The FPPA requires disclosure of contractual agreements to a designated institutional official. Moreover, the FPPA expressly prohibits prospective student-athletes from participating in NIL-related endorsement activity. Thus, incoming student-athletes, which include high school seniors and transfers from other universities or colleges, should be aware of the FPPA’s restriction.

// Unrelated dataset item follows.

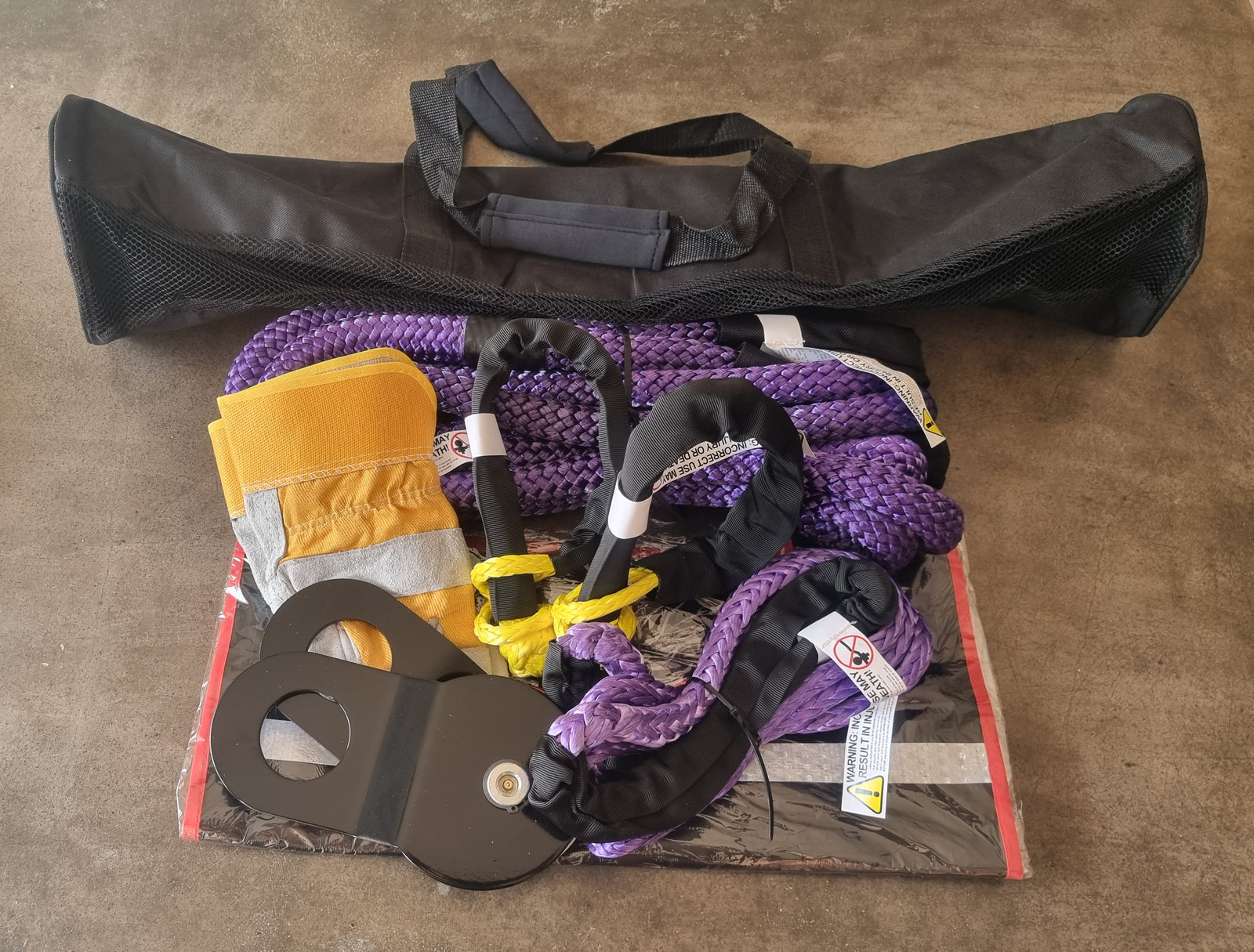 Complete soft recovery kit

Florida has 27 NCAA member institutions and approximately 7,800 NCAA athletes affected by the Intercollegiate Athlete Compensation and Rights law (IACR). Under the IACR, a student-athlete’s compensation for the use of his/her NIL “must be commensurate with market value of the authorized use … [in order to] preserve the integrity, quality, character and amateur nature of intercollegiate athletics and to maintain a clear separation between amateur intercollegiate athletics and professional sports.” Further, such compensation may “only be provided by a third party unaffiliated with the intercollegiate athlete’s postsecondary educational institution.” The IACR requires disclosure of NIL transactions to the member institution’s athletic department in a manner to be decided by the member institution. Student-athletes may also be prohibited from entering a contract that provides for compensation for the use of his/her NIL “if a term of the contract conflicts” with any of the member institution’s existing contracts. While student-athletes are free to receive professional representation, any agency or NIL-related contract may not extend beyond their enrollment period with a tertiary educational institution.

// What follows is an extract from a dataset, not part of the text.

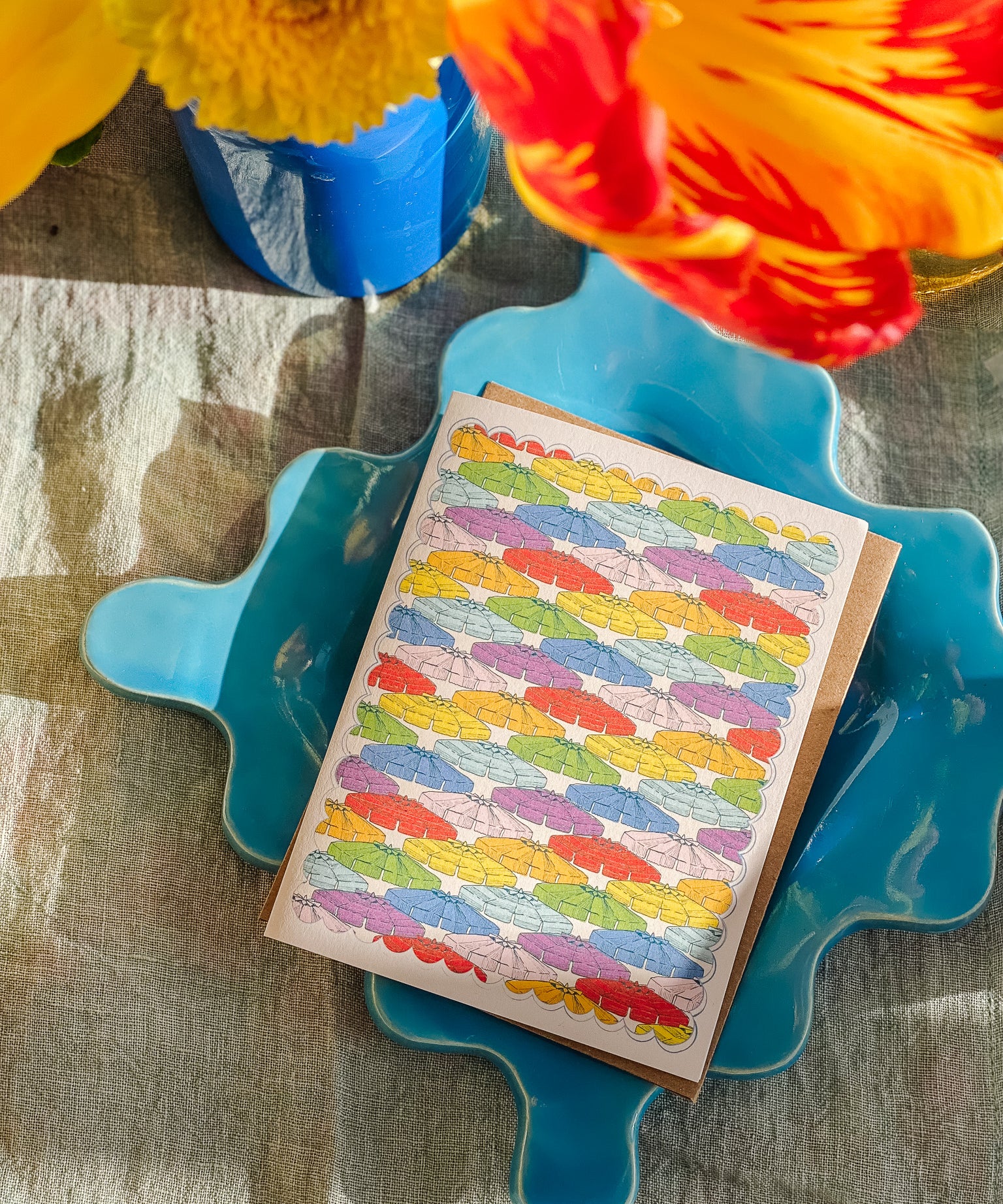 Endless Summer Pride A2 Greeting Card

Other standout provisions of the IACR include the requirement that student-athletes take five hours of a financial literacy, life skills and time management workshop at the beginning of their first and third academic years. Separate from the IACR, a student-athlete’s NIL-related income will not be taxable under Florida’s state income tax laws.

Georgia has 31 member institutions and approximately 9,300 NCAA athletes that will be impacted by the Name, Image and Likeness Law for Student Athletes (GA NIL Law). Like the IACR, the GA NIL Law requires member institutions to create a disclosure policy for student-athletes to report their NIL contracts, the compensation terms of which must be commensurate with the fair market value Moreover, member institutions must provide financial literacy and life skills programs for first- and third-year student-athletes.

Georgia’s most notable provision allows team contracts to contain a pooling arrangement whereby student-athletes who receive compensation for use of their NIL may agree to contribute a portion of same to a fund for the benefit of individuals previously enrolled as student-athletes in the same member institution. Specifically, if student-athletes agree to participate in a pooling arrangement, they will not be required to share more than 75% of their NIL compensation. Pooled funds will be deposited into an escrow account by the member institution’s athletic director or their designee. Interestingly, the NIL Law anticipates Title IX violations and other discrimination claims arising from the administration of the pooling arrangement and reminds member institutions not to discriminate against individuals based upon race, gender, religion or other protected categories when implementing the pooling provisions.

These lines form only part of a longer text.